Your goal
Although pictures appear in the entries below, leave them out and print exactly the lines from the first line through the line containing "Vela Alma de".

Records from a data source
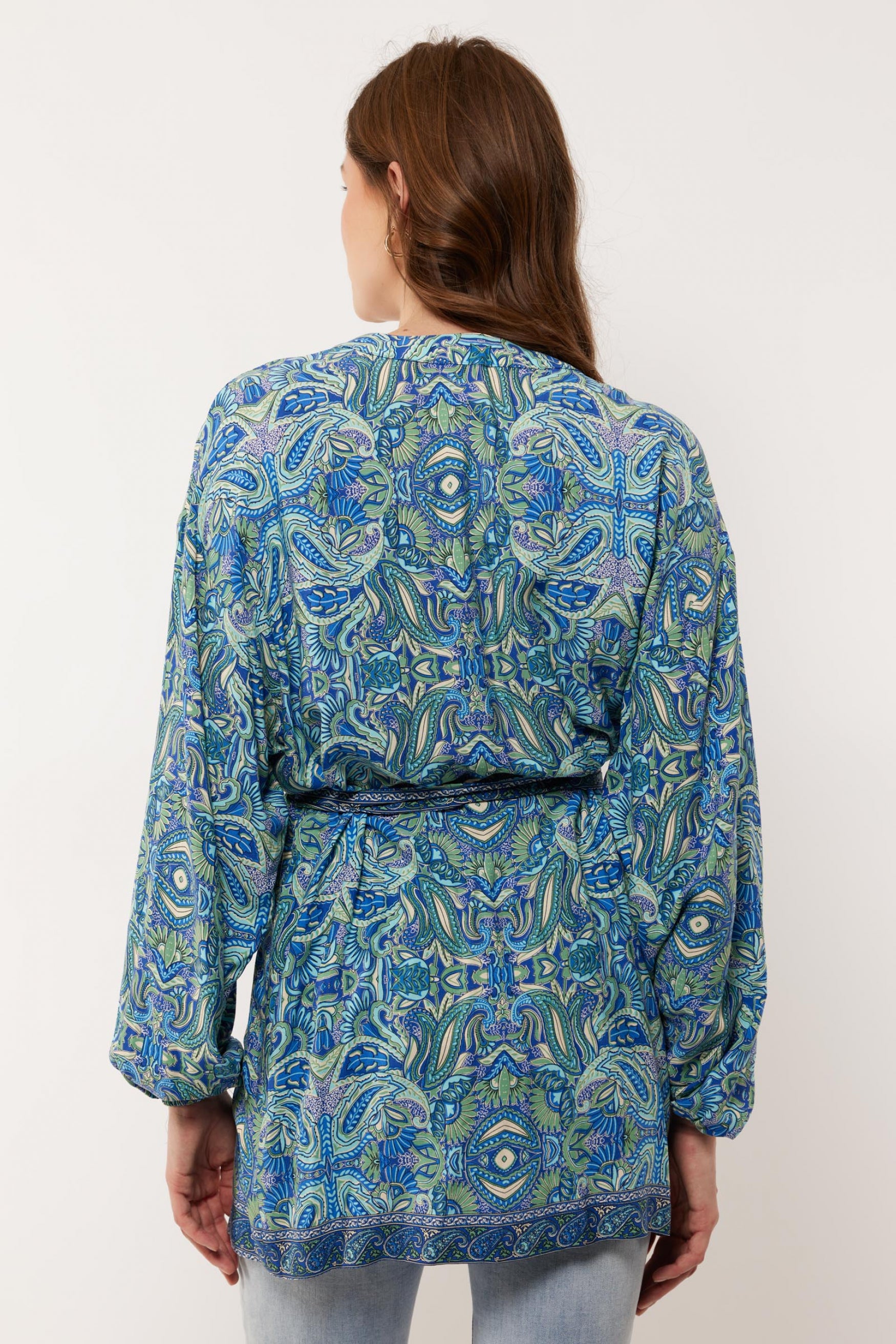 Coco kimono | Cornflower Blue/Color Mix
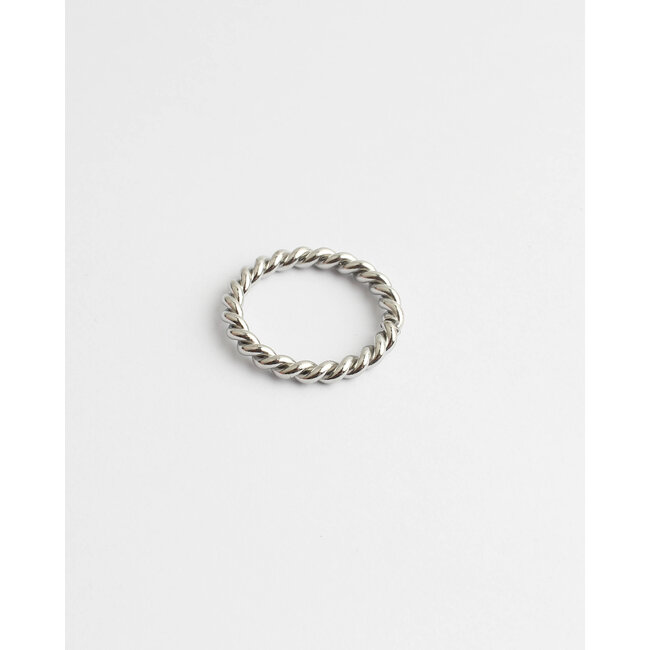 'Yara' ring silver - stainless steel (adjustable)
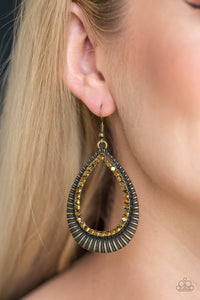 Paparazzi: Right As REIGN - Brass Earrings - Jewels N’ Thingz Boutique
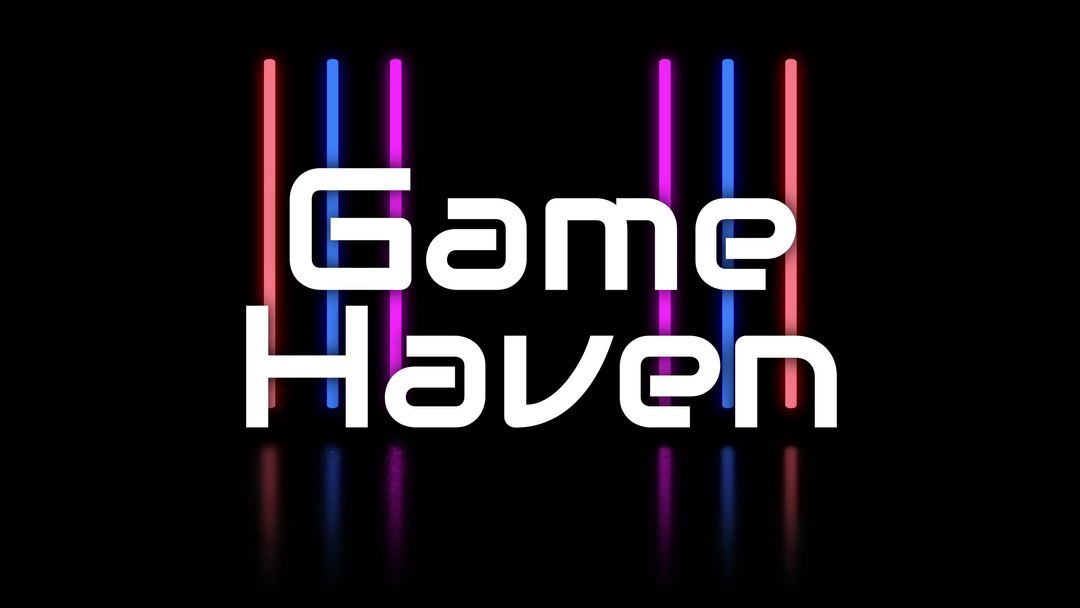 Neon Glow Game Haven Sign with Modern Font - Download Free Stock Templates Pikwizard.com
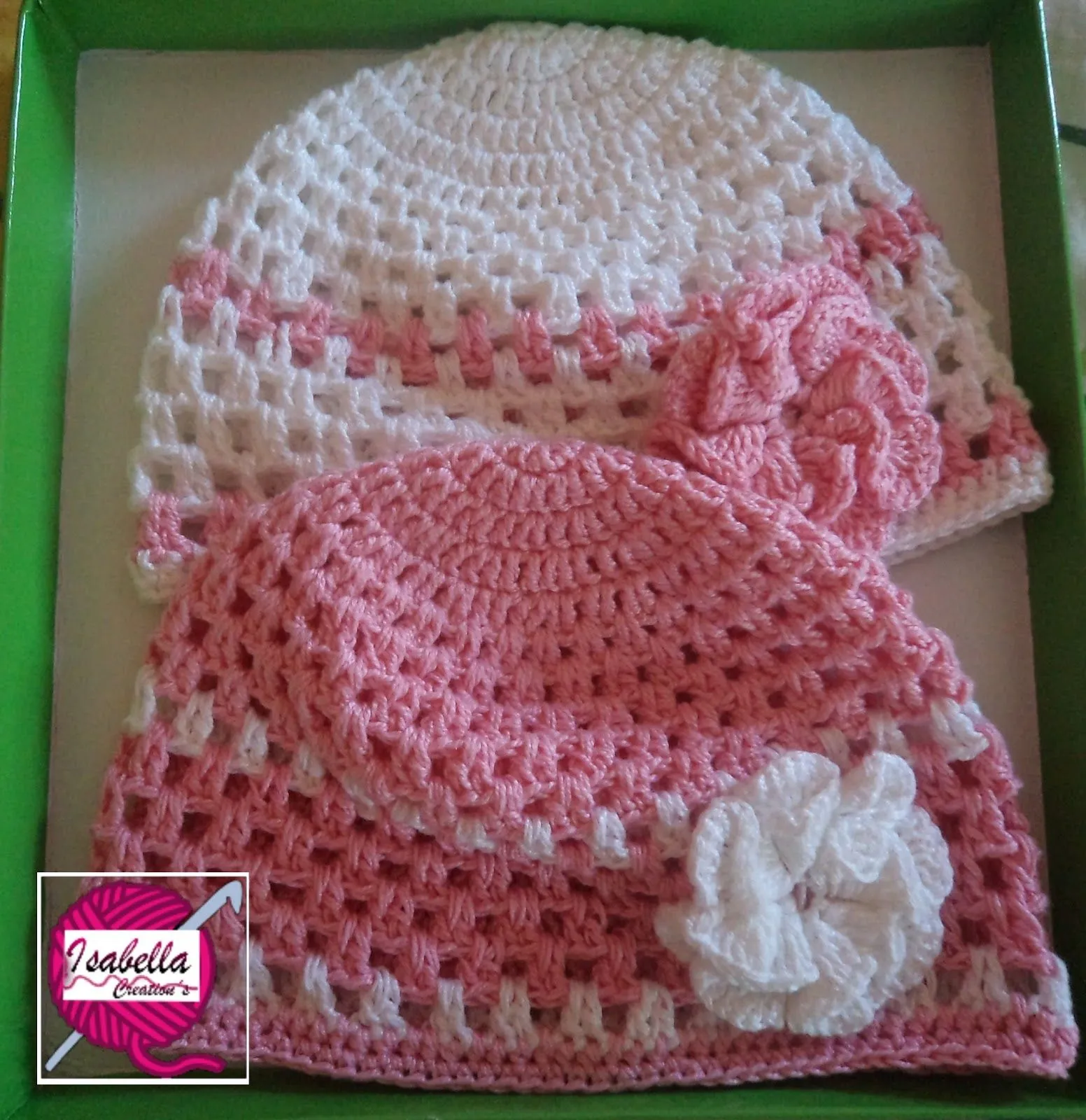 Isabella Creations: Hermosos Gorros para bebes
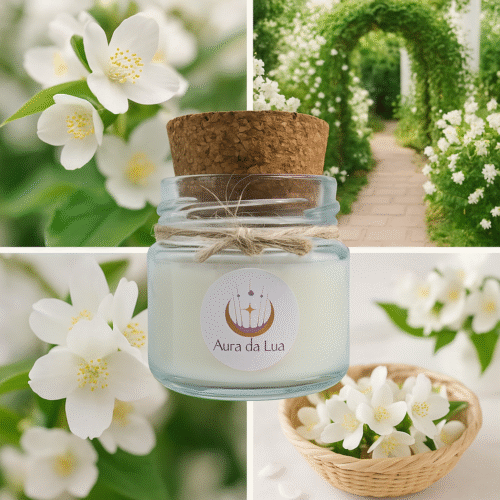 Vela Alma de Jasmim – Floral Intenso | Chama da Delicadeza e Clareza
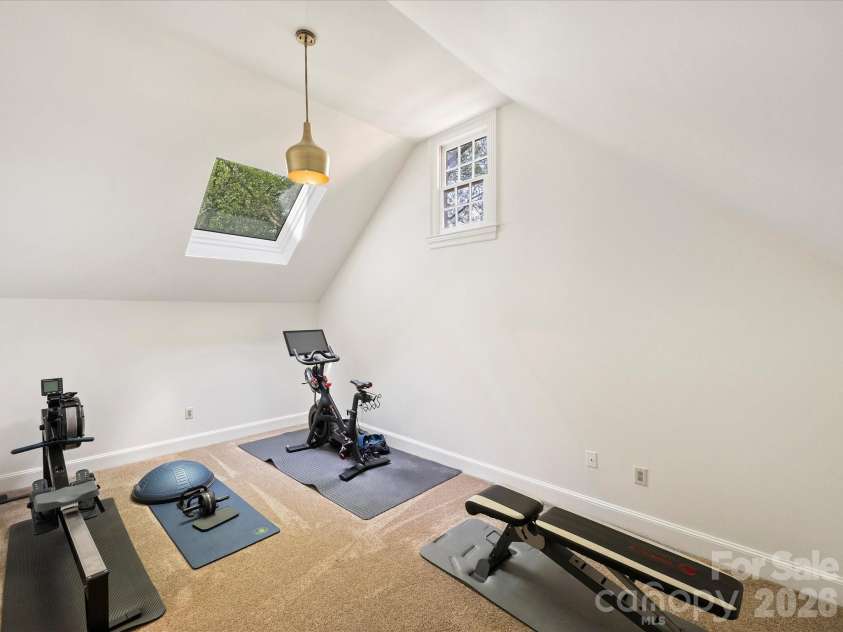 8226 Fairview Road, Charlotte, NC 28226.  MLS# CAR4362159, YatesRealty ID 9597. Exercise Room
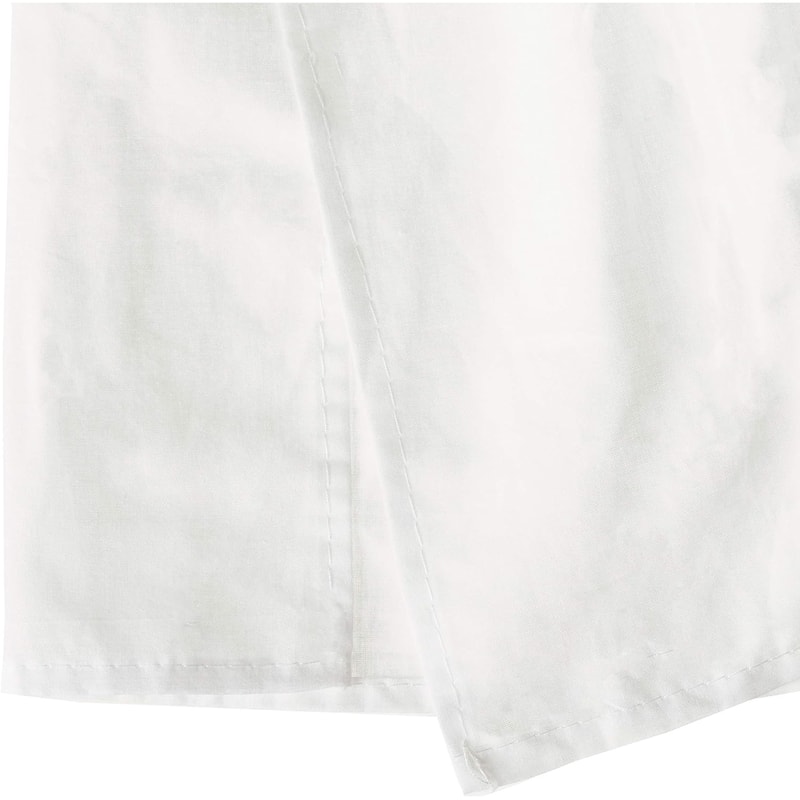 Greenland Home Fashions White Sheer 100-percent Cotton Voile Bedskirt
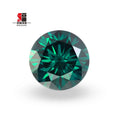 Baifu Jewelry Top Quality Loose Round Dark Green Moissanite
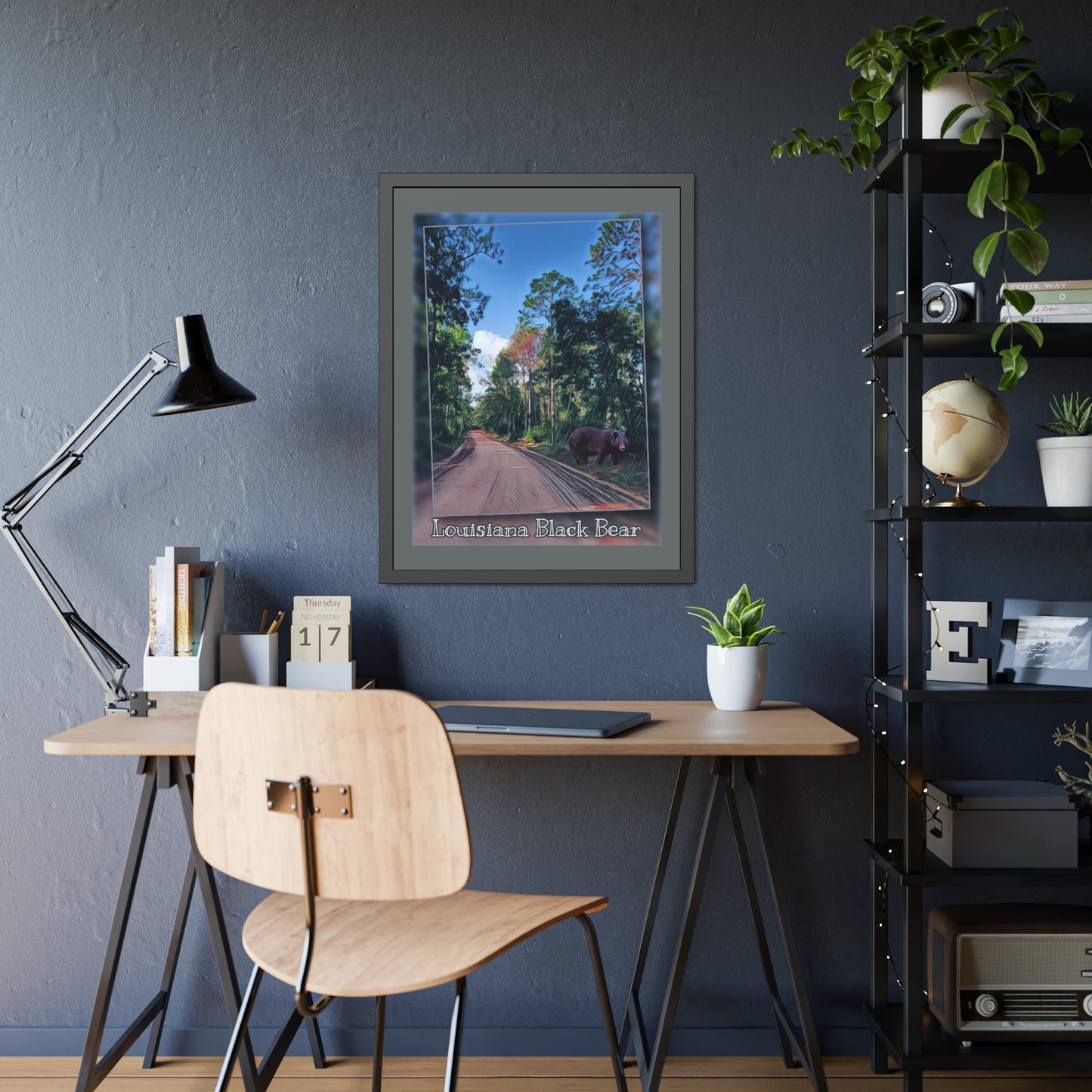 Framed Louisiana Black Bear Paper Posters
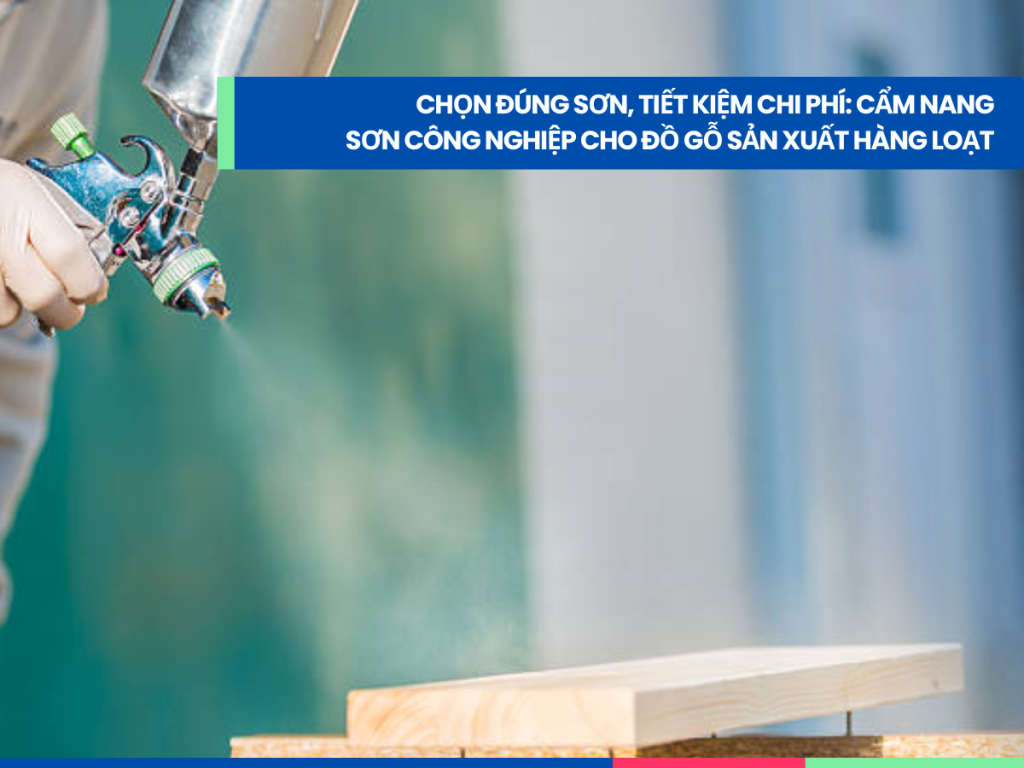 Quy trình phun sơn công nghiệp cho đồ gỗ giúp tạo lớp phủ đồng đều, bảo vệ bề mặt và cải thiện chất lượng hoàn thiện trong sản xuất hàng loạt.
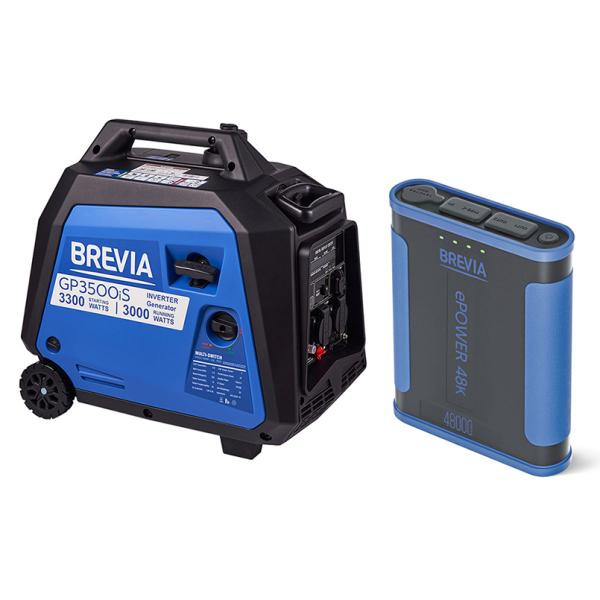 Buy Set Generator Brevia Inverter 3,3KW (Nom 3.0kW) + Power Bank) Brevia Epower 48h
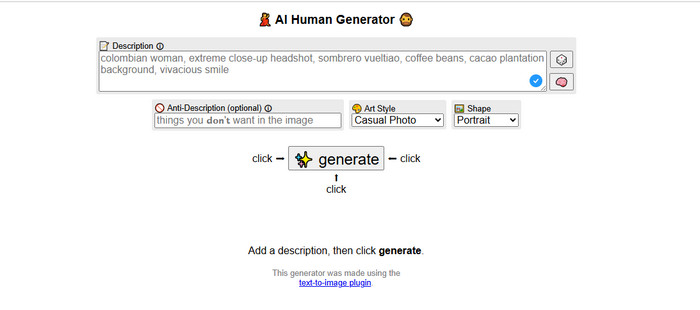 Perchance AI Human Generator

Exercise solution
 Coco kimono | Cornflower Blue/Color Mix
 'Yara' ring silver - stainless steel (adjustable)
 Paparazzi: Right As REIGN - Brass Earrings - Jewels N’ Thingz Boutique
 Neon Glow Game Haven Sign with Modern Font - Download Free Stock Templates Pikwizard.com
 Isabella Creations: Hermosos Gorros para bebes
 Vela Alma de Jasmim – Floral Intenso | Chama da Delicadeza e Clareza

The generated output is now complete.